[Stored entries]
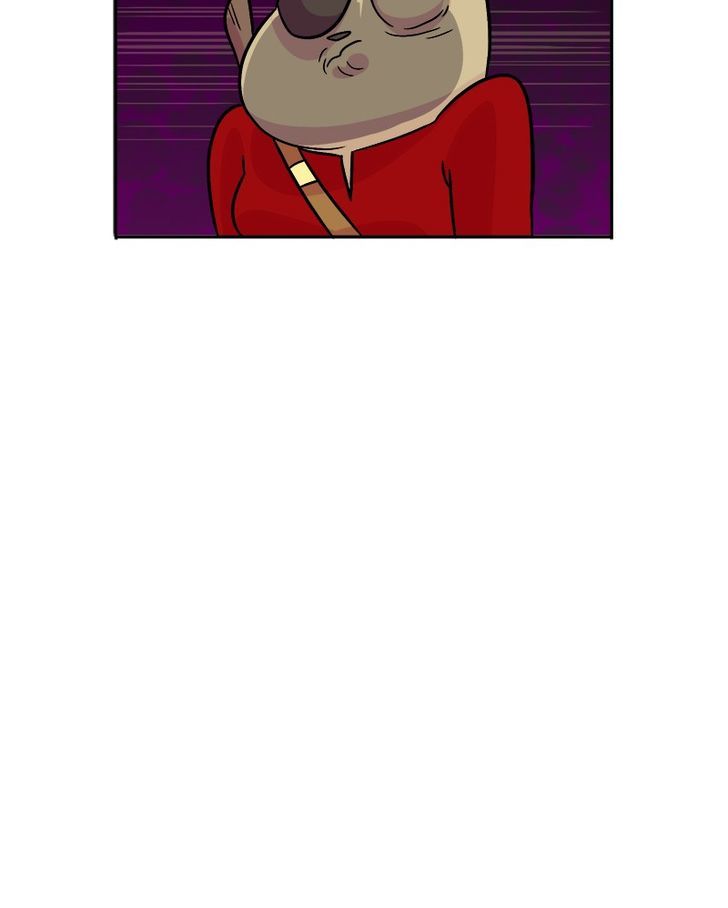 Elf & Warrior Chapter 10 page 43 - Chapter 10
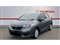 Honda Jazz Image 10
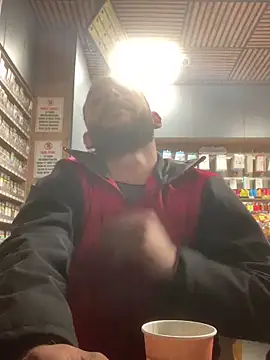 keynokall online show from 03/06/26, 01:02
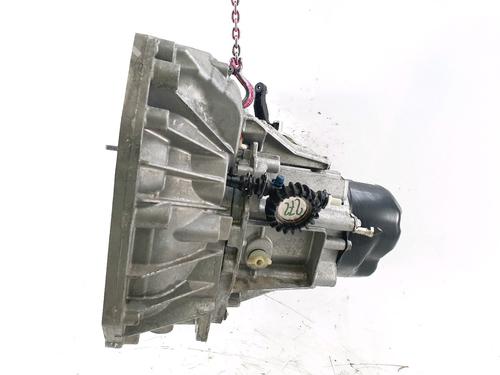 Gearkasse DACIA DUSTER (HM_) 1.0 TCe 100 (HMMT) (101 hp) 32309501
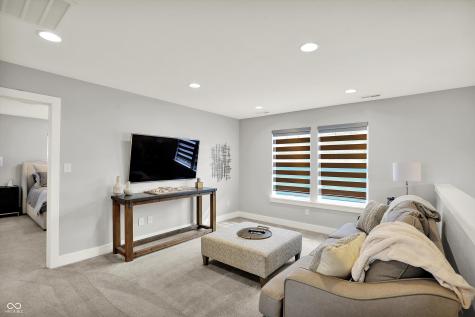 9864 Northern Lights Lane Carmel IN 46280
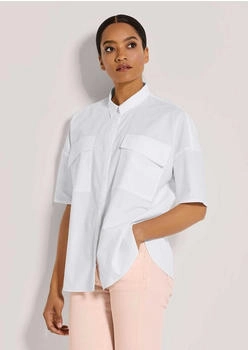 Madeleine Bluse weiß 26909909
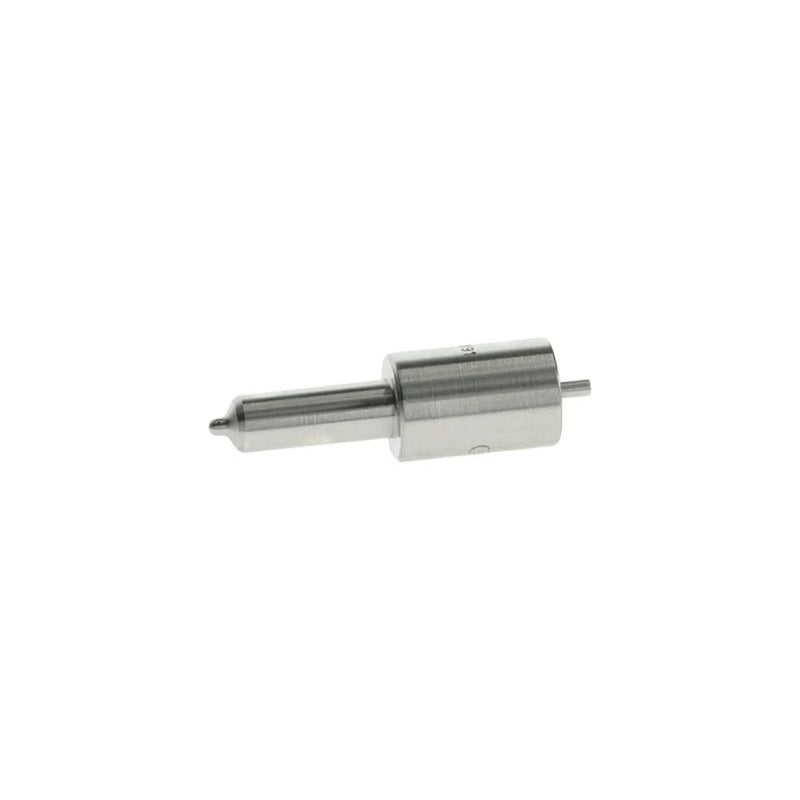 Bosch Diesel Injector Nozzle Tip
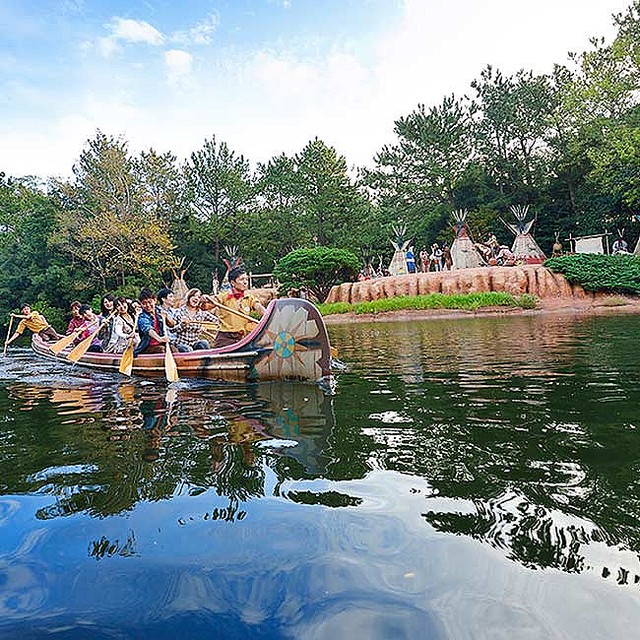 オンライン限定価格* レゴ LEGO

Goal of the exercise —
Repeat only the lines from the one holding "Bosch Diesel Injector Nozzle Tip" through the last line of the data, inclusive. Keep the pictures out.

Answer section —
 Bosch Diesel Injector Nozzle Tip
 オンライン限定価格* レゴ LEGO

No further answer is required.